Octavian explained to the towns that he had no choice. “From what other source, then, are we to pay the veterans their prize money?” he asked complainants. This was nothing less than the truth. There was no countervailing force with which to gainsay the soldiers. Worse, the allocated land was still not enough and some men used violence to expropriate farms they had not been granted, often with more fertile fields. In many parts of Italy, law and order were breaking down. Relations between the soldiers and their commander also deteriorated, as an unnerving incident demonstrated only too clearly.

Veterans were summoned to the Campus Martius to hear announcements on the allocations. They were so eager for news that they arrived early, before first light. Octavian was late; they became angry, and when a centurion gave them a severe dressing-down they first jeered at him and then killed him.
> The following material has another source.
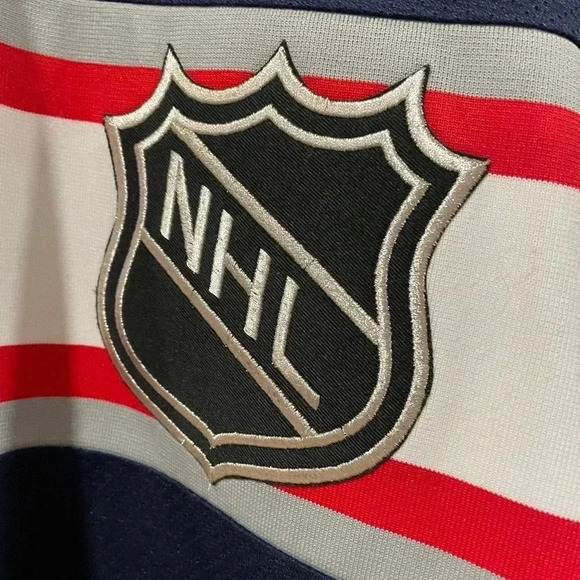 Vintage CCM NHL All-Star Game Hockey Jersey - Picture 3 of 10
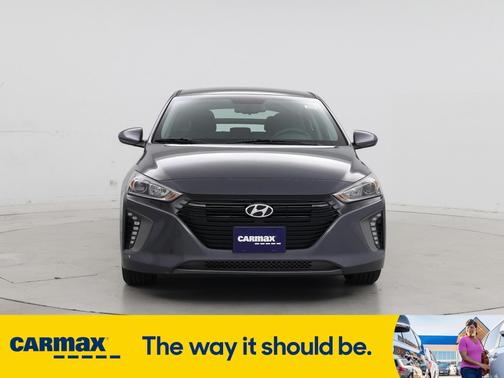 2019 Hyundai IONIQ Plug-In Hybrid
Octavian made a calculated and very brave decision. What had suddenly become a crisis would, he judged, end in catastrophe if he stayed away from the assembly. So he walked there as planned, turning aside when he saw the centurion’s body and politely asking the legionaries to behave with greater restraint in future.

He then announced the expected land grants, handed out some bounties, and invited further applications for reward. This disarmed the angry soldiers, who became ashamed of what had been done and asked Octavian to punish the centurion’s murderers. He agreed to do so, but carefully (and wisely) imposed two conditions: that the culprits admit their guilt and that the army as a whole condemn them. The men’s mood cleared.

For much of 41 B.C. Octavian was caught between two fires. At the same time that he sought to pacify the veterans, he made conciliatory gestures toward the civilian population. As Dio put it, “He learned from actual experience that weapons had no power to make the injured feel friendly towards him.” So he no longer confiscated senatorial estates and kept his hands off other kinds of private property.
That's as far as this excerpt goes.